-------- RECORDS SUPPLIED

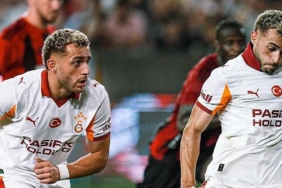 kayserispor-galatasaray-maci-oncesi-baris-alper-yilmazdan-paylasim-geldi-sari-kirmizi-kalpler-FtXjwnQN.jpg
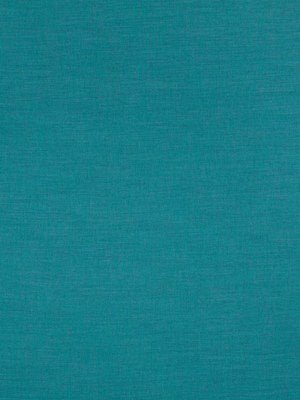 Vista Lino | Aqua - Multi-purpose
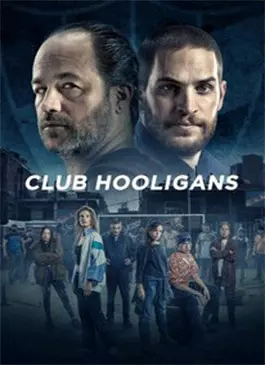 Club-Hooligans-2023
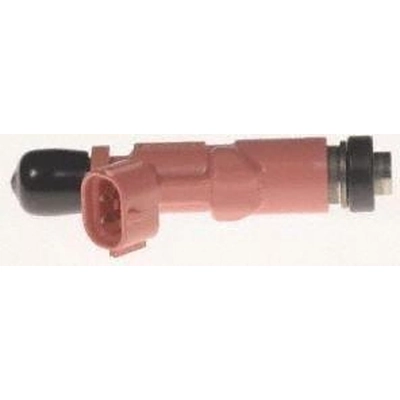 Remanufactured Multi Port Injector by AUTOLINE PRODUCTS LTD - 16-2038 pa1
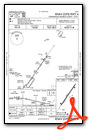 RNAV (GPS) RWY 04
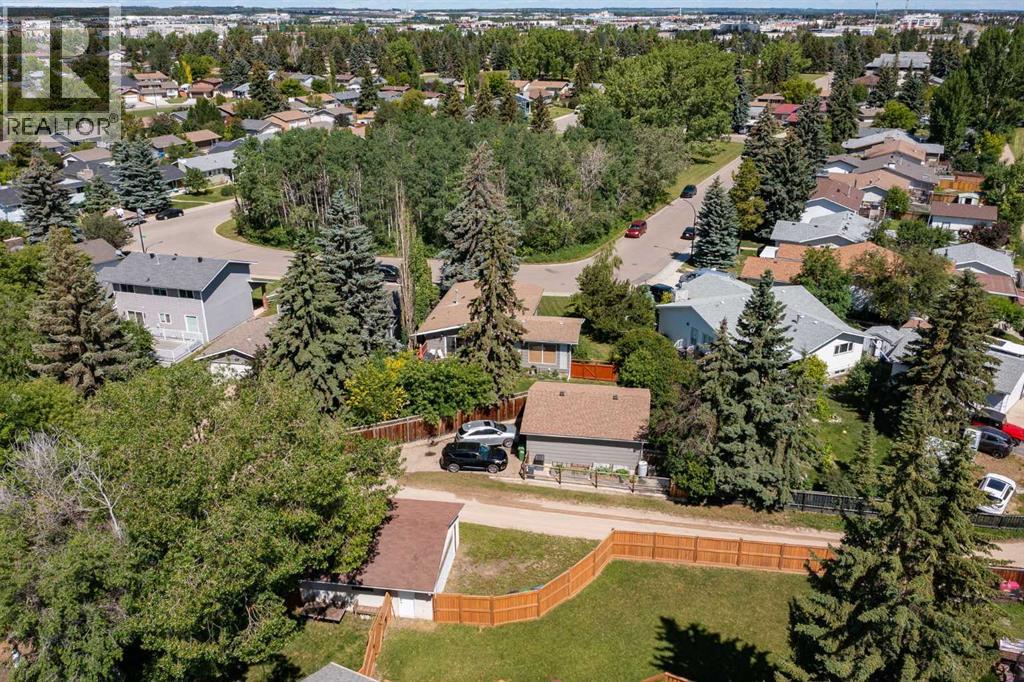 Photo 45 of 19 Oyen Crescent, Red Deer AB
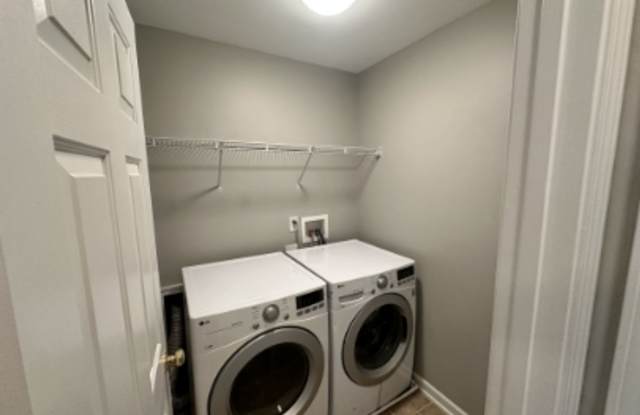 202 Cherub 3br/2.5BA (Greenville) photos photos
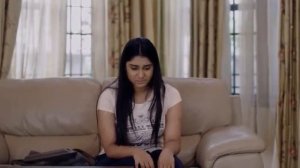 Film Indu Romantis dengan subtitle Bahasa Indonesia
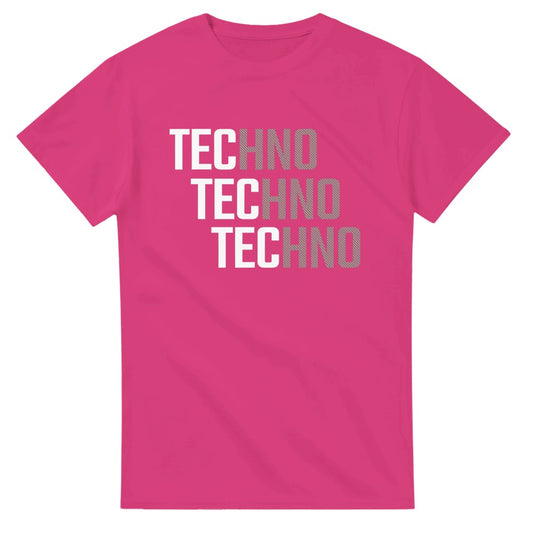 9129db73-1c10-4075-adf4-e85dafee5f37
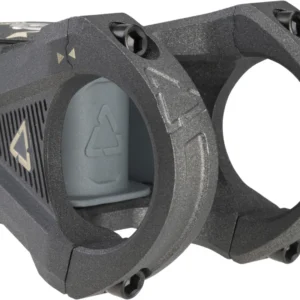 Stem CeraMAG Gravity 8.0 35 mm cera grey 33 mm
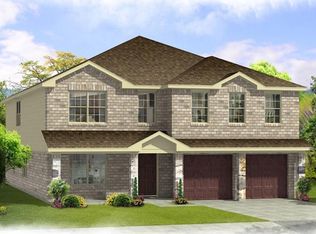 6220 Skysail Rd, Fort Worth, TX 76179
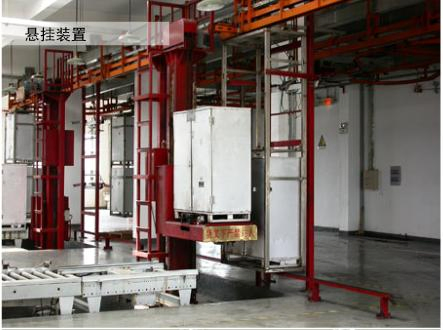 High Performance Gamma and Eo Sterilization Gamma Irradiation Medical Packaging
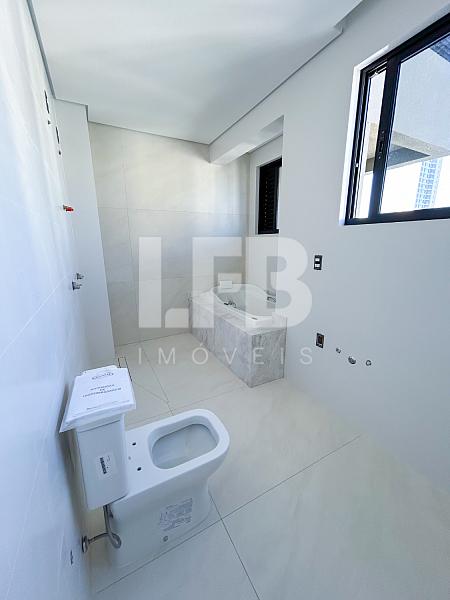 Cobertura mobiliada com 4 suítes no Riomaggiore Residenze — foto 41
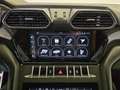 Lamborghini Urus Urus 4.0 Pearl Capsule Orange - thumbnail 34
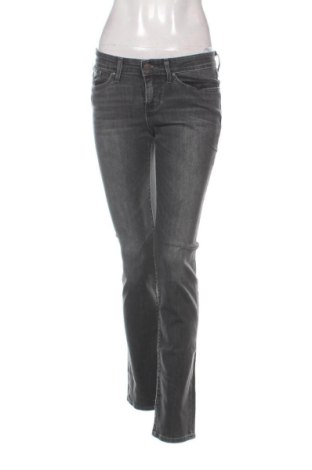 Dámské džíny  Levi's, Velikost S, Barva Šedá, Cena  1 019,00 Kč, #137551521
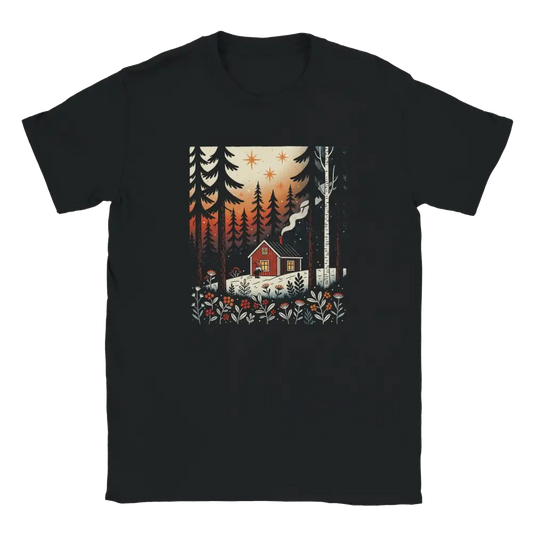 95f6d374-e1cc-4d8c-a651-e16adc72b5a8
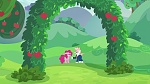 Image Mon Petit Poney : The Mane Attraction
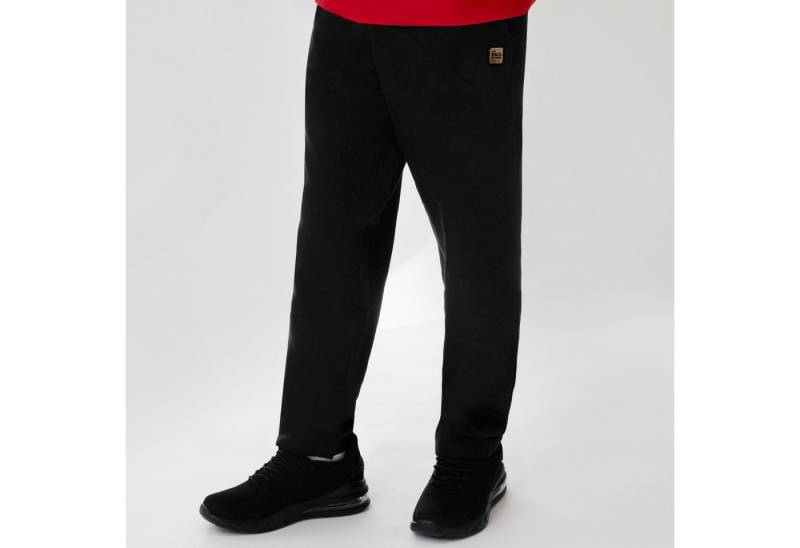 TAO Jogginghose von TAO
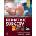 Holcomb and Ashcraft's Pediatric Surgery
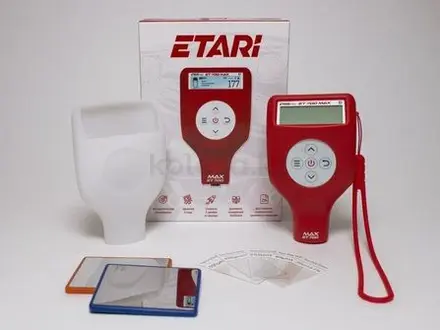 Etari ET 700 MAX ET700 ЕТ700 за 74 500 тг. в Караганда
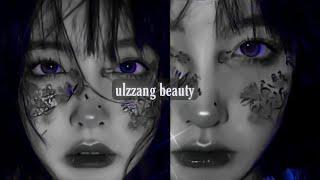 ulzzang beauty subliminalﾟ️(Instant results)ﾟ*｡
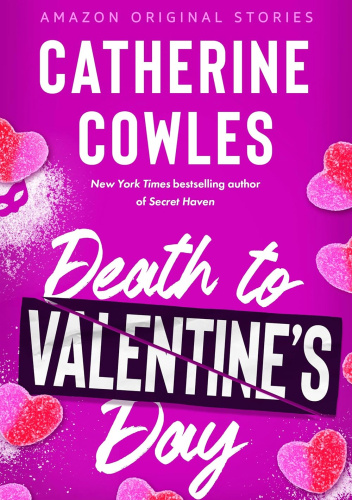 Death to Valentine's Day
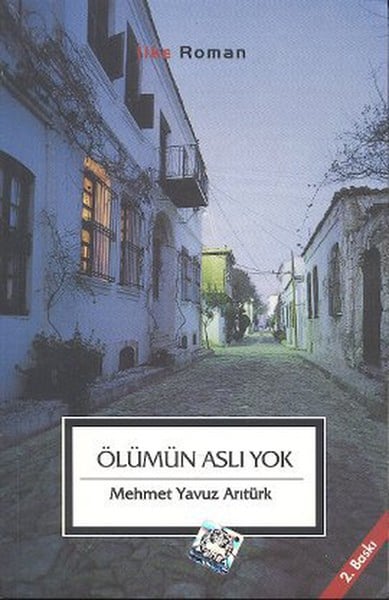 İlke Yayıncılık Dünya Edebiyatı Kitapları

----------------
-------- RECORDS SUPPLIED

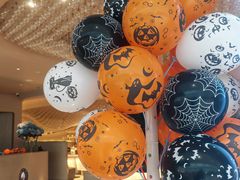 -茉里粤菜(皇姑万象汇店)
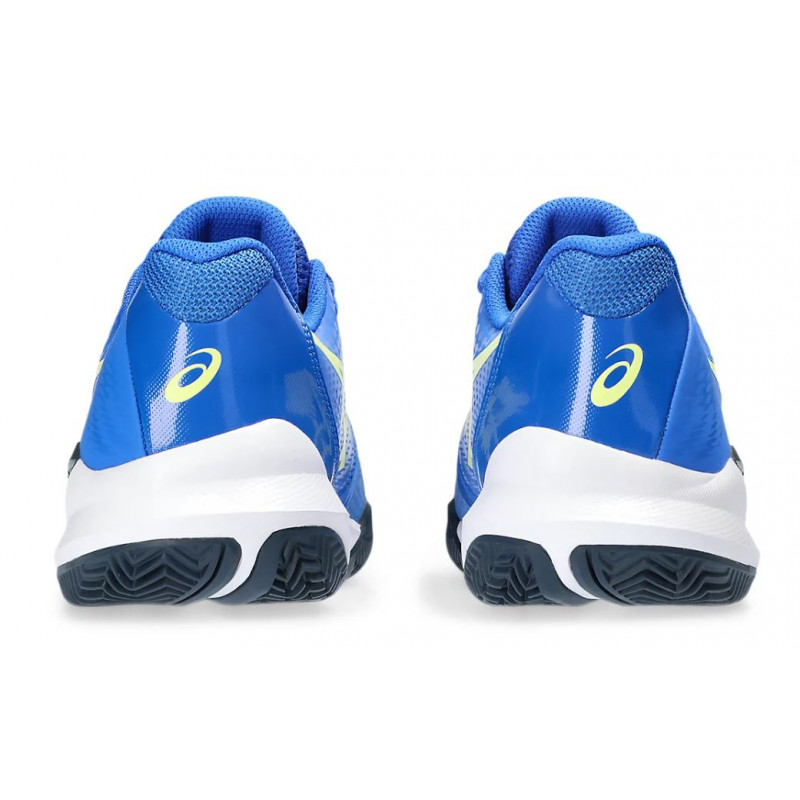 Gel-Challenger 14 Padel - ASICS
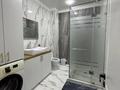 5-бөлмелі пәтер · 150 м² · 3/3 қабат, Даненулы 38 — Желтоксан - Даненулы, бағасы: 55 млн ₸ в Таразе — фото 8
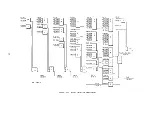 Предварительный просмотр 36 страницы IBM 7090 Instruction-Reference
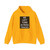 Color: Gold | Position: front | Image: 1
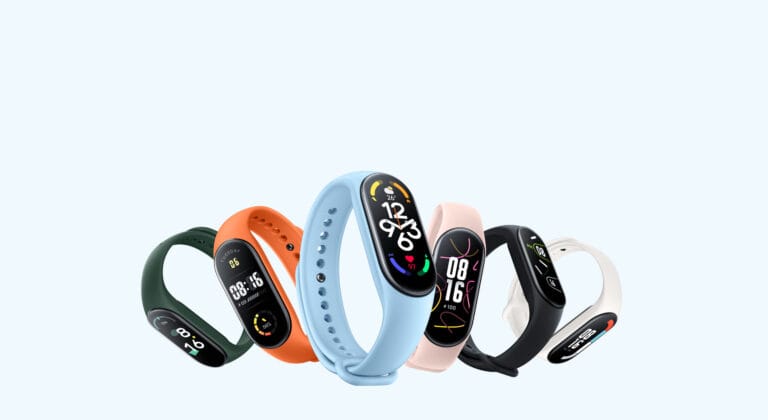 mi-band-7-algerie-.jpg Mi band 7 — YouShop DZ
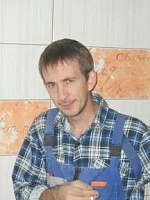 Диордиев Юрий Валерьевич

----------------
-------- RECORDS SUPPLIED

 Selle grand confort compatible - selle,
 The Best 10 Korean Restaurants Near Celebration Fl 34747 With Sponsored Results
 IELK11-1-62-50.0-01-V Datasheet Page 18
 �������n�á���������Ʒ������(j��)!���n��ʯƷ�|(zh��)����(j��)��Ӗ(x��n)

----------------

### EXERCISE GOAL
What you return must match, character for character, the lines above from the one with "Lamborghini Urus Urus" through the one with "Etari ET 700", minus any pictures.

### EXERCISE RESPONSE
 Lamborghini Urus Urus 4.0 Pearl Capsule Orange - thumbnail 34
 Dámské džíny  Levi's, Velikost S, Barva Šedá, Cena  1 019,00 Kč, #137551521
 95f6d374-e1cc-4d8c-a651-e16adc72b5a8
 Image Mon Petit Poney : The Mane Attraction
 TAO Jogginghose von TAO
 Holcomb and Ashcraft's Pediatric Surgery
 Etari ET 700 MAX ET700 ЕТ700 за 74 500 тг. в Караганда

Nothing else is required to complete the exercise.